ICICIdirect Research 10 Oct 2025 DISCLAIMER

The Reserve Bank of India (RBI) has issued draft guidelines introducing the Expected Credit Loss (ECL) framework and revisions to the credit risk capital framework, effective from April 2027. Accordingly, risk weight has been made more granular and provisions are to be recognized on forward-looking basis. From the perspective of banks, new framework is expected to result in an increase in provisioning requirements, however, the glide path allowed by regulator till FY31 is expected to ensure smooth transition without any substantial impact on earnings.
Systemic credit growth remained steady at ~10% YoY (~2.7% QoQ), indicating early signs of stabilization after recent moderation. Liquidity conditions were comfortable during Q2, with deposit growth of ~9.8% YoY keeping pace with credit, helping sustain system stability.

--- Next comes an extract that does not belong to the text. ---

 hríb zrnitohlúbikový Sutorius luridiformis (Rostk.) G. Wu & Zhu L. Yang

Across segments, retail and MSME demand continues to provide a solid foundation, gold loans remain buoyant, and early signs of recovery are visible in rural credit. Infrastructure lending could gradually pick up aided by regulatory support, while corporate working capital demand is expected to benefit from improving business activity. Together, these factors suggest that credit momentum is likely to stay healthy into H2FY26.
Trade-off on growth and NIM continue to persist. While full impact of repo rate cut and muted traction in low-cost deposit is expected to exert pressure on margins, increase in CD ratio, easing deposit cost and CRR benefit is seen to partially cushion the impact, thereby resulting in decline of 5-15 bps in Q2FY26.

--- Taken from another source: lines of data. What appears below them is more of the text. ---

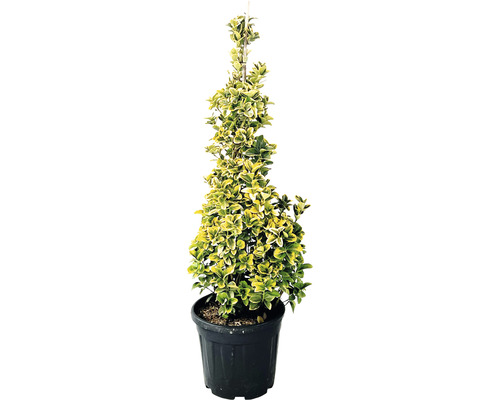 Fusain du Japon jaune multicolore pyramide FloraSelf Euonymus japonicus 'Aurea' h 100-120 cm Co 20 l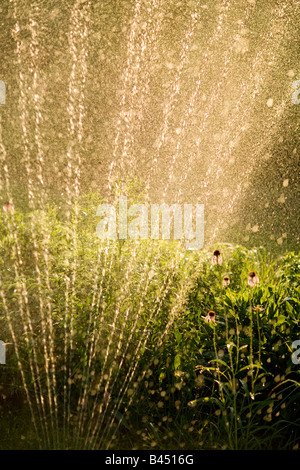Sprinkler in yard watering flowers Stock Photo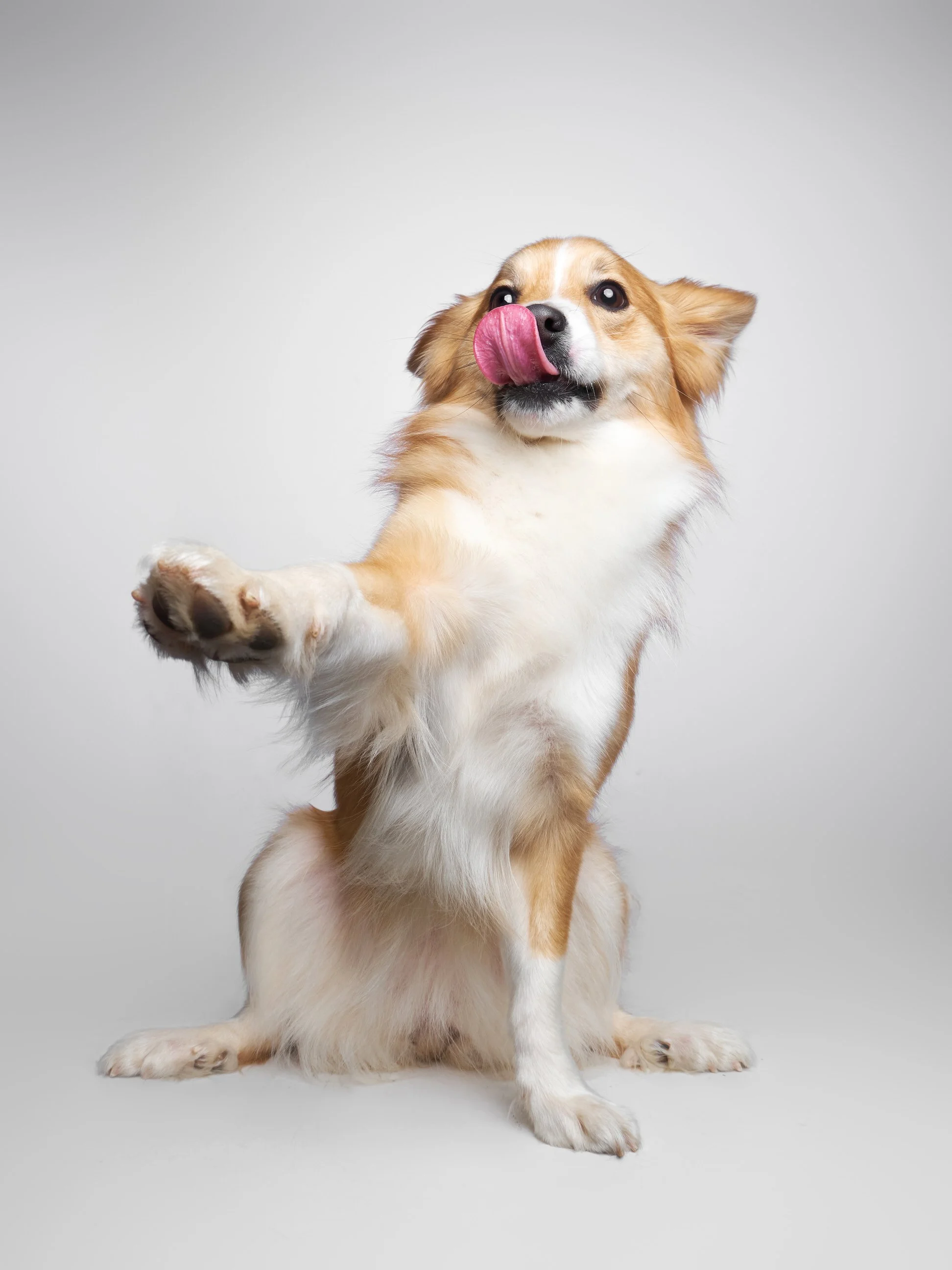 015-Butch McCartney Dog Photographer.jpg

As per provisional figures for Q2FY26, Public sector banks delivered strong business momentum, with Bank of Baroda, Bank of India, Bank of Maharashtra reporting >5% QoQ loan growth, alongside healthy deposit accretion. Expectation of growth is likely to come from RAM segment which should cushion NIM compression.

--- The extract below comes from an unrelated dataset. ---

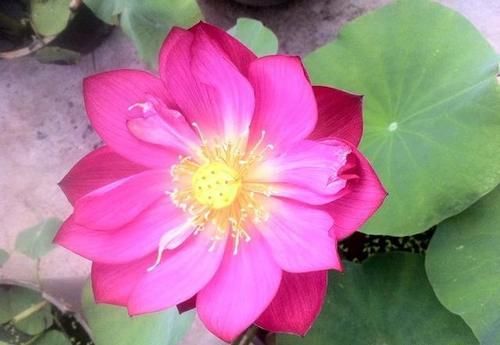 盆栽荷花怎么种？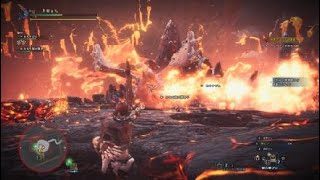 モンスターハンター：ワールド_20180420192114 teo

Among private banks, HDFC Bank and Kotak Bank posted healthy sequential growth (>4% QoQ) reflecting early signs of balance sheet acceleration. CSB Bank also maintained strong traction in both advances (5.4% QoQ) and deposits (10.3% QoQ), aided by its gold loan franchise. In contrast, IndusInd Bank underperformed materially, with a sequential decline in both advances and deposits (~2% QoQ), pointing to weak franchise momentum relative to peers.